A paper-free birthday
/It wasn't specifically intentional, but my recent birthday was almost paper free.
Just over a decade ago I decluttered the musical part of my life. That was when I made the decision to rid myself of CDs (well, the visible ones) and go "MP3". Embrace the digital revolution, as it were.
They were fairly early days then for such a move - a collection of nearly 1000 CDs is pushing 100Gb of storage. iPods of the day were, well barely emerging to be honest - 1Gb first generation MP3 players were flavour of the day. Hard disks were not much better - a 100Gb disk was pretty expensive; I think I paid about £250 for a 160Gb disk.
Nonetheless, I threw myself into it and a first generation Squeezebox gave me wireless network access to all my music. Finally, I had flexibility to listen to my music anywhere and a wallful of free space in the living room. It re-released the joy in all the music I was never getting round to listen to.
A decade on and the wheel comes full circle.
This time it's the books and the bookcase.
It's full of books, full of love, full of joy, but so much of it is unread. This, for me, is the perfect time to embrace the Amazon Kindle. To squeeze a few hundred books from my private collection onto a paperback sized device and keep going for years to come until I reach about 3000.

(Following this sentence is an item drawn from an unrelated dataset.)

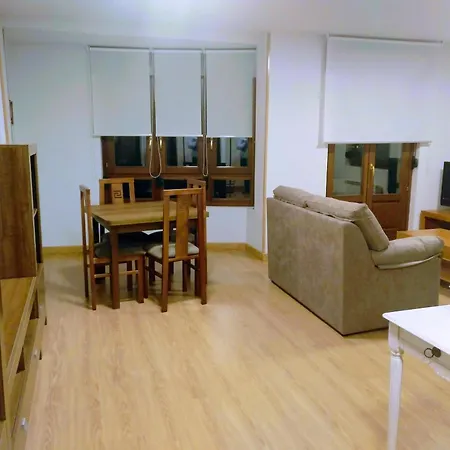 Apartment Figueras 4 *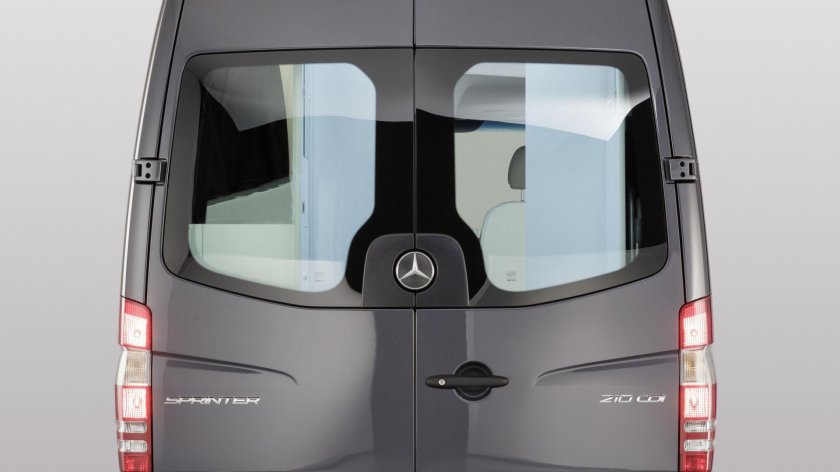 Мерседес Спринтер сзади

Sure, it's not as splendid to look at, not as charming to flick through with your head tilted sideways over dinner. But it does mean there is a chance I'll do a bit more reading in those precious seconds roaming the country. I might, for example, use the text-to-speech option to listen to my books in the car.
So, it was for my 40th birthday that I put out the broadcast that Amazon vouchers were the thing to get me. I wouldn't be impresssed with anything tangible or physical. And the response was surprisingly beautiful - and handful of amazon vouchers in my email right there on the morning of my birthday. Even one from my Grandma, who has never been near a computer or the interbookfacewebthingy. (Thanks Mum). I was able to go straight ahead and order my Kindle there and then. Not a jot of paper changed hands.

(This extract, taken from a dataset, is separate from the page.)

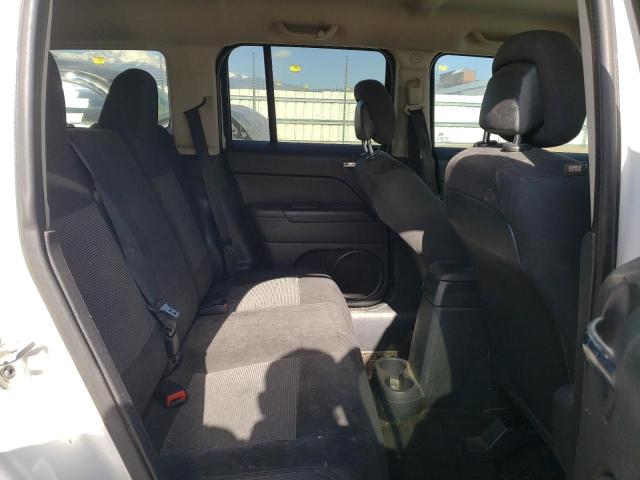 1C4NJPBB8FD398506 Jeep Patriot Sport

I'd like to think it was a lower carbon footprint birthday, though I can't be totally sure (Amazon might have made the Kindle itself in outer Galactica and shipped it via their hub in Timbuktu). I'm sure it WILL be over the lifetime of the Kindle though - fewer trees will certainly go to the great big Gutenberg in the sky. Though this time round I'm unlikely to stash my bookshelves in the loft - they'll just become a fossil record where they stand.
I wonder what will go digital in another 10 years time?